Printing $seq after the block doesn’t work, because the lexical variable is out of scope (it’ll give you an error under use strict. However, the sequence subroutine can still access the variable to increment and return its value, because the closure { $seq += 3 } captured the lexical variable $seq.

See perlfaq7 and perlref for more details on closures.
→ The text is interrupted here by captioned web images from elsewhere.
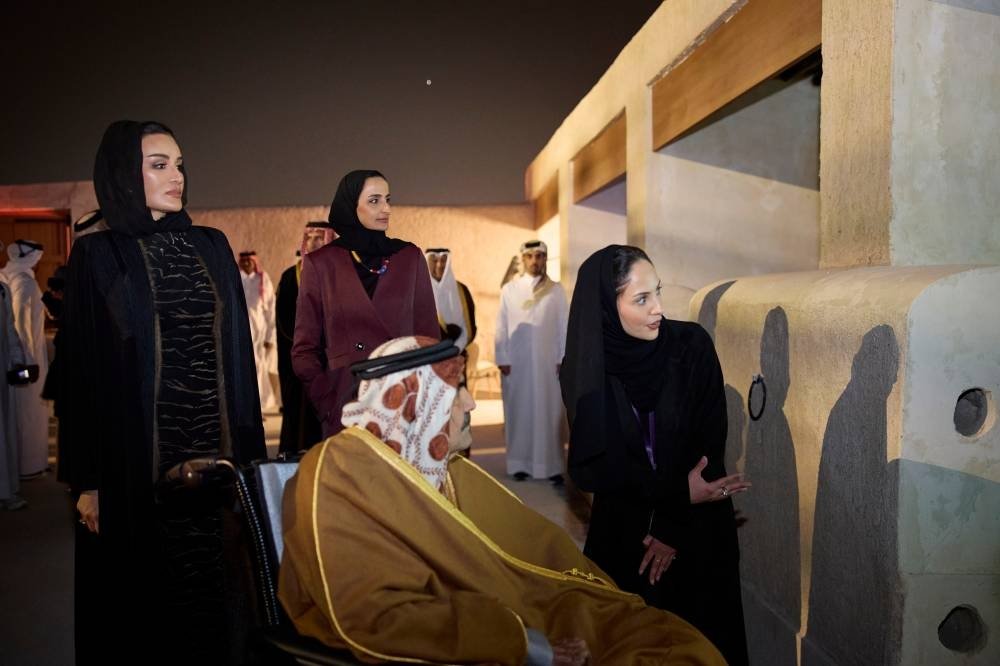  Father Amir, Sheikha Moza attend celebration of 30 years of Qatar Foundation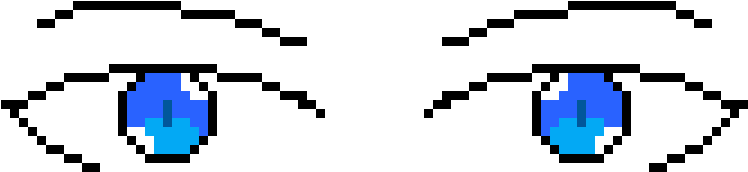 The Blue Eyes Clipart (1152x648), Png Download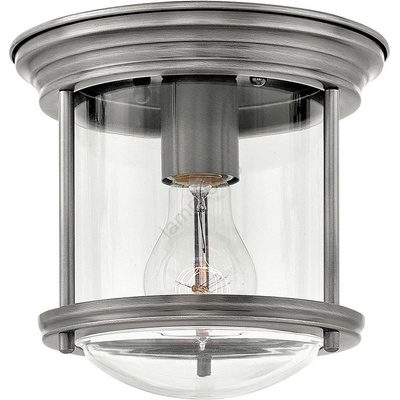Elstead Lighting Quintiesse QN-HADRIAN-MINI-F-AN-CLEAR- Външно таванно осветително тяло HADRIAN 1xE27/60W/230V IP44 (ED1047)
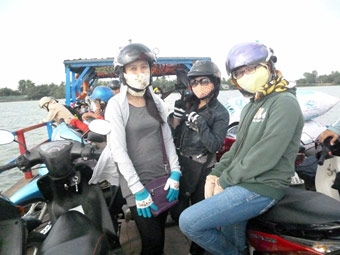 Đảm bảo an toàn giao thông tại các bến đò ngang, 
đò dọc trên địa bàn quận Thốt Nốt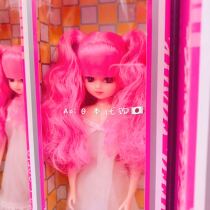 Aoi Japan bridge Lijia small shop double horse tail powder hair licca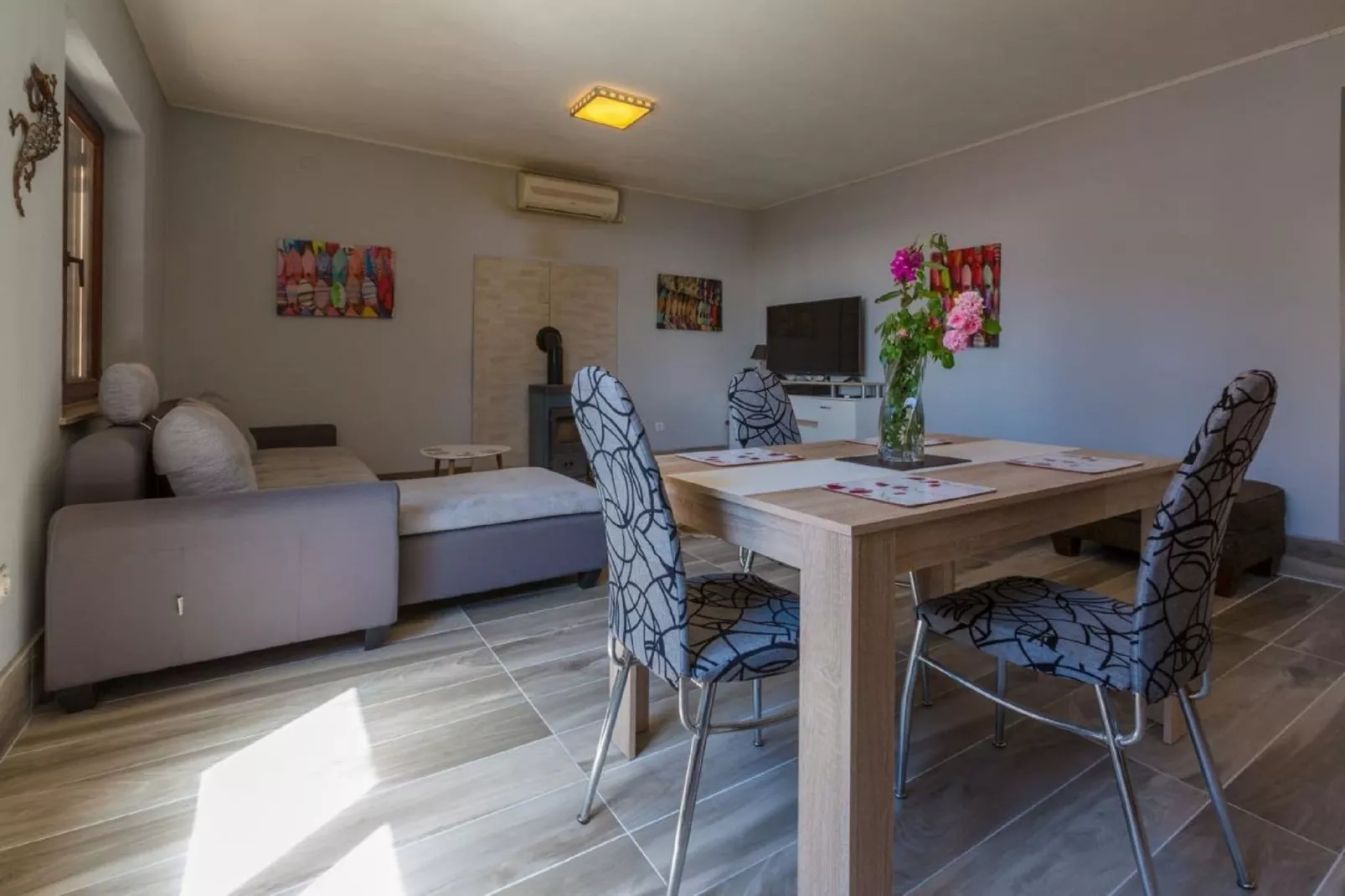 Holiday Home Royal-Woonkamer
Of course, the inevitable happened: BT added a new column at the beginning, and all of the accessors had to shift down:

    sub type         { shift->[0] }
    sub installation { shift->[1] }
    sub line         { shift->[2] }

Clearly this wasn’t as easy to maintain as it should be. The first step was to rewrite the constructor to use a hash instead of an array as the basis for the object:

    our @fields = qw(type installation line chargecard _date time
                     destination _number _duration rebate _cost);

    sub new {
      my ($class, @data) = @_;
      bless { map { $fields[$_] => $data[$_] } 0..$#fields } => $class;
    }

This code maps type to the first element of @data, installation to the second, and so on. Now we have to rewrite all the accessors:

    sub type         { shift->{type} }
    sub installation { shift->{installation} }
    sub line         { shift->{line} }

This is an improvement, but if BT adds another column called friends_and_family_discount, then I have to type friends_and_family_discount three times: once in the @fields array, once in the name of the subroutine, and once in the name of the hash element.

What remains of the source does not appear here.